──────── SUPPLIED ENTRIES

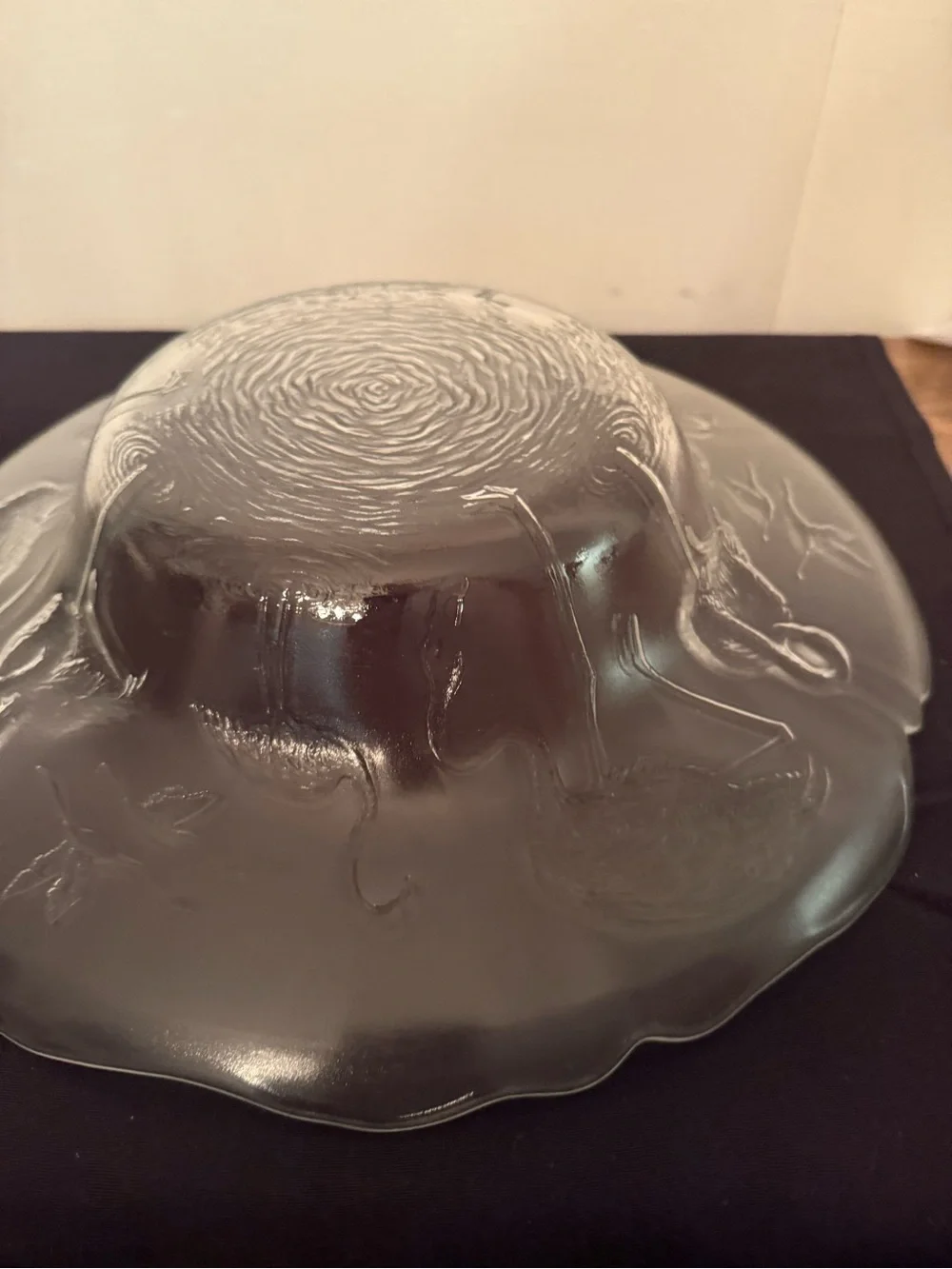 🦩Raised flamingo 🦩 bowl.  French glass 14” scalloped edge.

────────────────
──────── SUPPLIED ENTRIES

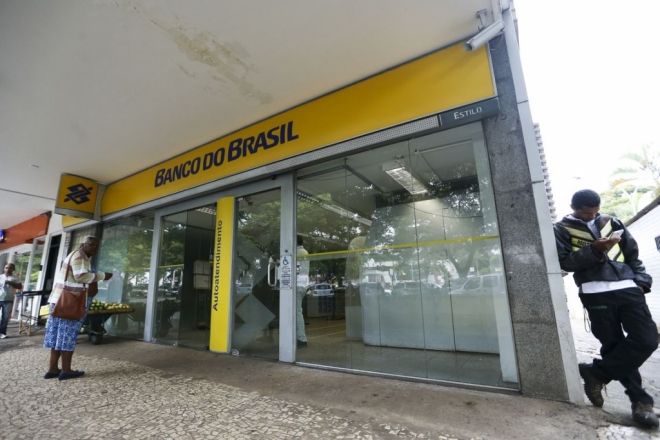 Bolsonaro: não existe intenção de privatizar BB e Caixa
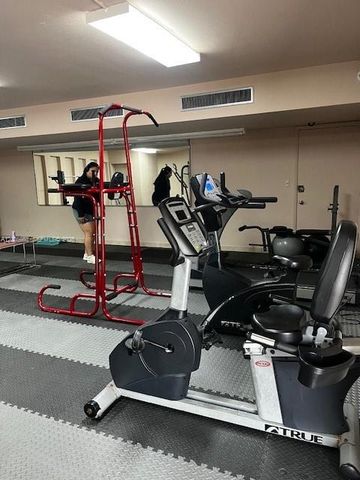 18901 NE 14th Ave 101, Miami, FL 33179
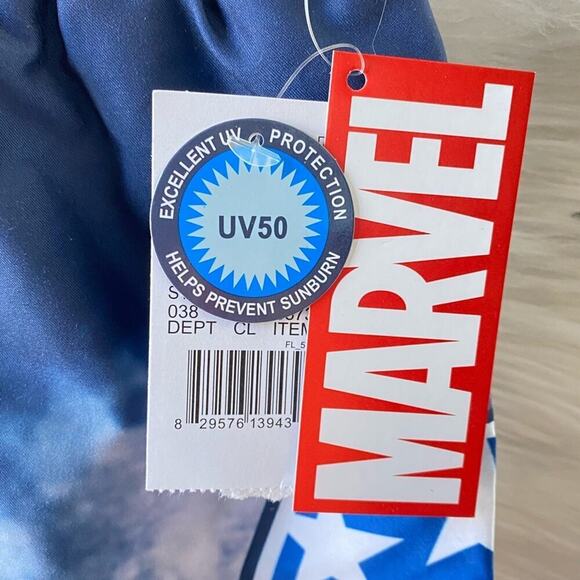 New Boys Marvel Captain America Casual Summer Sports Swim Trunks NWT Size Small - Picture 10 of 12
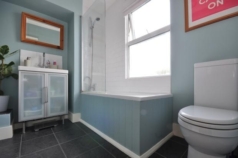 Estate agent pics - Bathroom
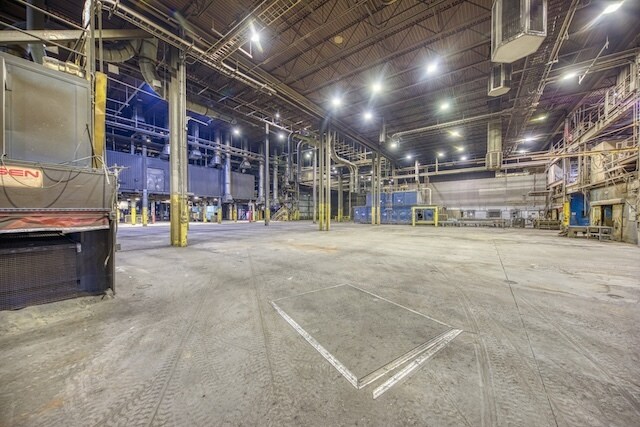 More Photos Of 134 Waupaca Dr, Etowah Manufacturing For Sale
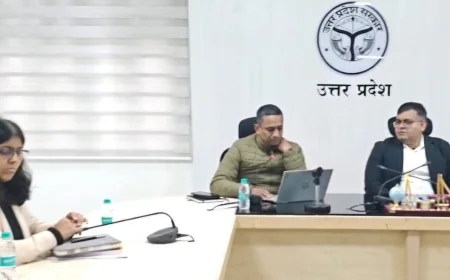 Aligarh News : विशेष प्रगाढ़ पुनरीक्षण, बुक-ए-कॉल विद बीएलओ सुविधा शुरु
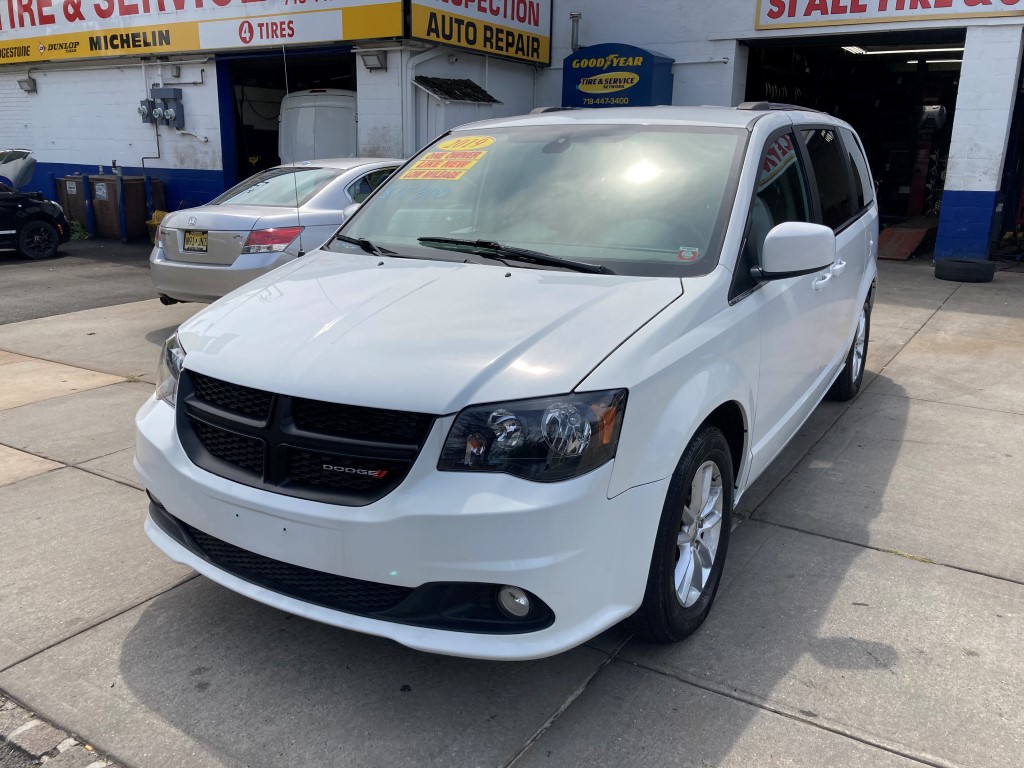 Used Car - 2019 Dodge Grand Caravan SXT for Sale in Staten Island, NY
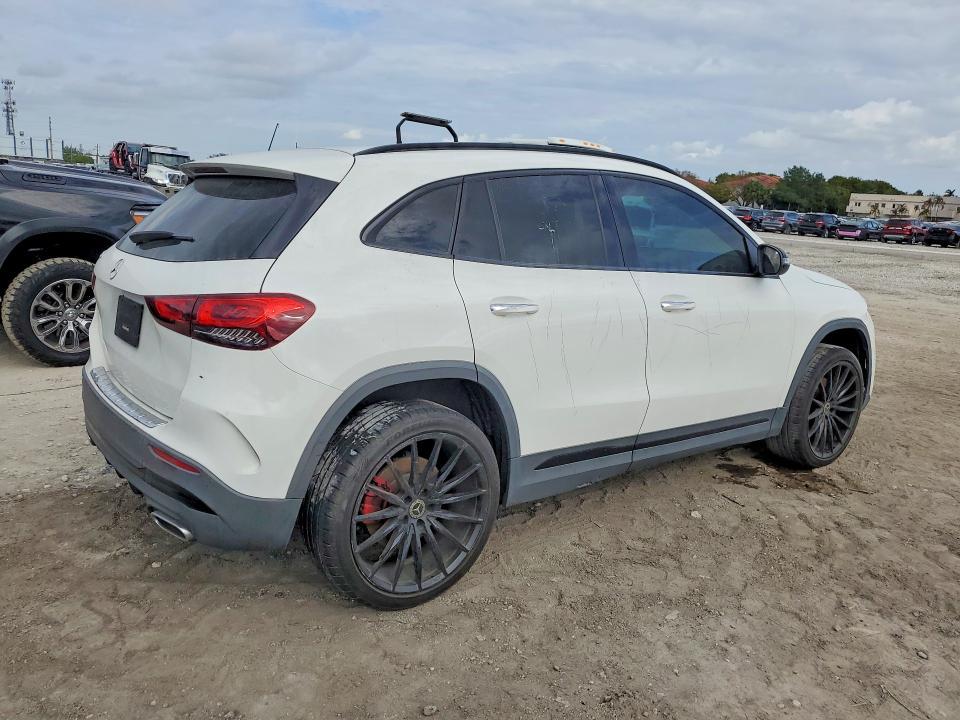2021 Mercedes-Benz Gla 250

────────────────

→ **PROBLEM TO WORK ON**: For this exercise, reproduce exactly the lines of the records above from the one with "New Boys Marvel" up to and including the one with "Used Car - 2019", without pictures.

→ **SOLUTION TO THE EXERCISE**:
 New Boys Marvel Captain America Casual Summer Sports Swim Trunks NWT Size Small - Picture 10 of 12
 Estate agent pics - Bathroom
 More Photos Of 134 Waupaca Dr, Etowah Manufacturing For Sale
 Aligarh News : विशेष प्रगाढ़ पुनरीक्षण, बुक-ए-कॉल विद बीएलओ सुविधा शुरु
 Used Car - 2019 Dodge Grand Caravan SXT for Sale in Staten Island, NY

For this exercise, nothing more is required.